Capacity Management: Moving from the traditional approach of sizing hardware for peak loads to availing capacity ‘on-tap’. In fact the major cloud computing service providers offer virtually unlimited capacity. This addresses the twin challenge of meeting peak demands and ensuring unnecessary idle capacity is not created.

Speed to Innovate & Speed to Market: This ensures reduced cycle time to plan and invest in physical infrastructure along with low cost of failure/experimentation

Capex to Opex: Users can now launch new services without having to make provision for significant capex to support such launches. The opex model will ensure users will only pay for what they use.

Increased Business Agility: It eliminates complex infrastructure management by making this a non-core activity that can be handled by the cloud service provider.
Disaster Recovery: It’s another key benefit is the ability to do away with a dedicated DR capability for the hosted service and rely on the inherent design of the cloud provider who would typically have ‘zones’ spread across the country /internationally to ensure high availability.
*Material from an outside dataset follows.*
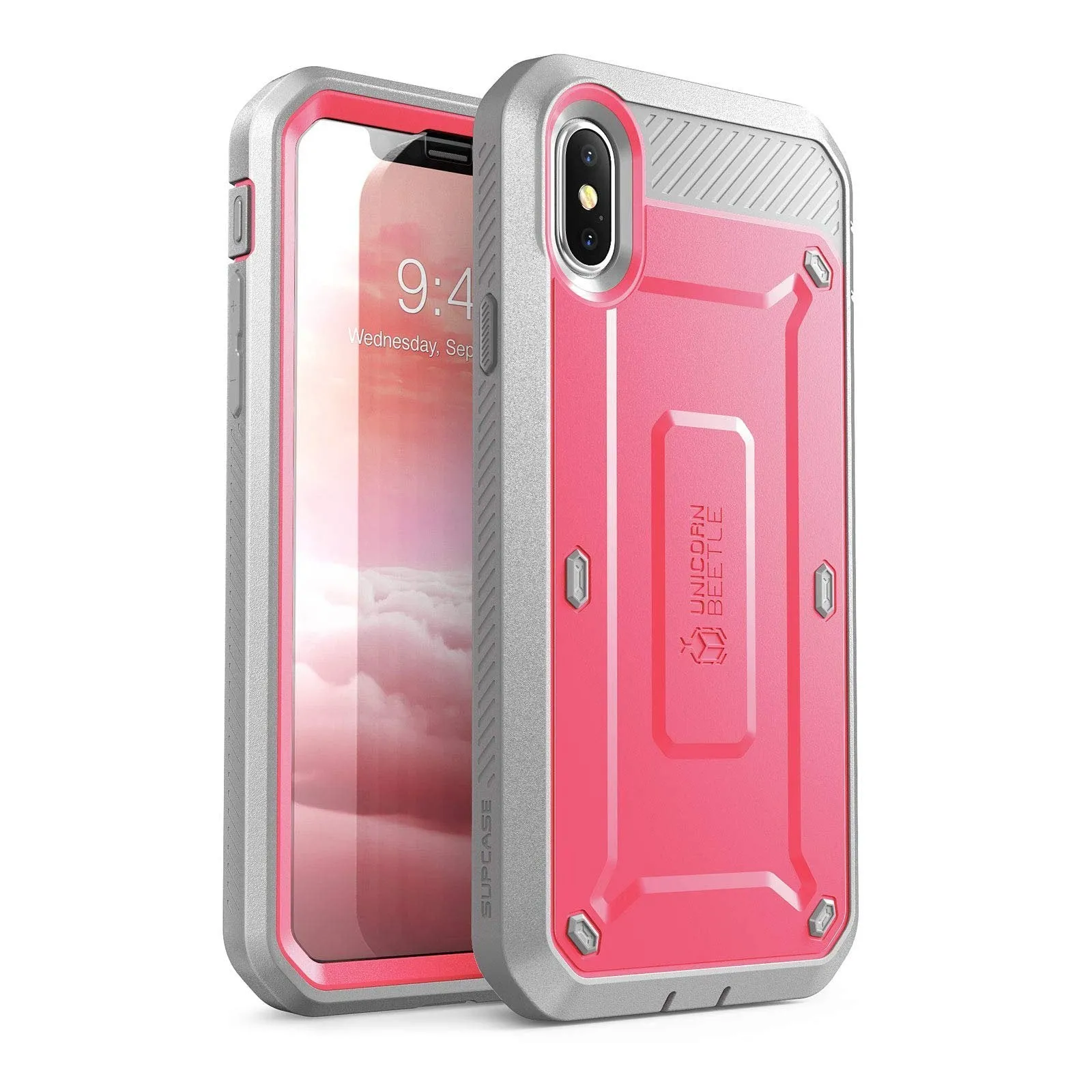 Protective Edge Layer iPhone X / XS Unicorn Beetle Pro Rugged Holster Case-Pink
Information Security: Data security can now be a service, rather than having to be built as part of the infrastructure and this is the exact service that comes embedded in the cloud.

Cloud computing in its simplest form can be defined as the practice of using a network of remote servers hosted on the Internet to store, manage, and process data, versus a local server or a personal computer


What can move on cloud?
SaaS as a cloud service, comprises of ERPs & CRM that are applications on cloud, facilitating remote access and easy installation for users.

Payment Gateway on Cloud: Facilitates maximum up time and secure payment can happen without any
system glitches

Archival, Retrieval & Storage: Typical workloads for a cloud environment are Batch Workloads, Transactional Workloads, Analytics Workloads, High Performance Workloads and Database Workloads, for example, data pertaining to statements.

Not suitable for cloud are workloads which demand high-performance network storage, legacy application
workloads that require very low latency and database clustering that requires very high throughput (speed)on the network.

Concerns Around Moving to Cloud
Security: This is an increasing area of concern for most entities, especially those in the BFSI sector. Security concerns have been the single biggest hurdle for adoption by banks and other large regulated entities. This is accentuated with current and forthcoming regulations on data privacy (especially personal data). To mitigate the risk ‘encrypted cloud service/storage and sensitive info on private storage’are the two options available.

Regulatory & Compliance: Regulations in most jurisdictions require data (especially in the banking sector)to be stored in the home country. Most service providers have responded by setting-up server farms in key jurisdictions to enable current and potential cloud users get the benefit of the hosted service without having to compromise on compliance.

What is the ‘Best’ Cloud Approach Today?
Unless one is operating on a green field setup, a hybrid strategy is the way to go. Core Banking Solutions and applications are for the most part only now evolving to come-up with versions that can run on the cloud and in most cases, existing users of most well-known core banking solutions run on legacy versions which require significant effort and investment to migrate. A setup where the core solutions are on-Premises and the peripheral cloud ready solutions are hosted on the cloud is a good starting point from where the organization can build a more agile infrastructure to support business growth. It is an imperative for most large and growing organizations to migrate onto cloud-enabled platforms and eventually do away with in-house on-premises physical infrastructure, unless there are very specific regulatory requirements or technical constraints that are not(yet) compatible with a cloud infrastructure.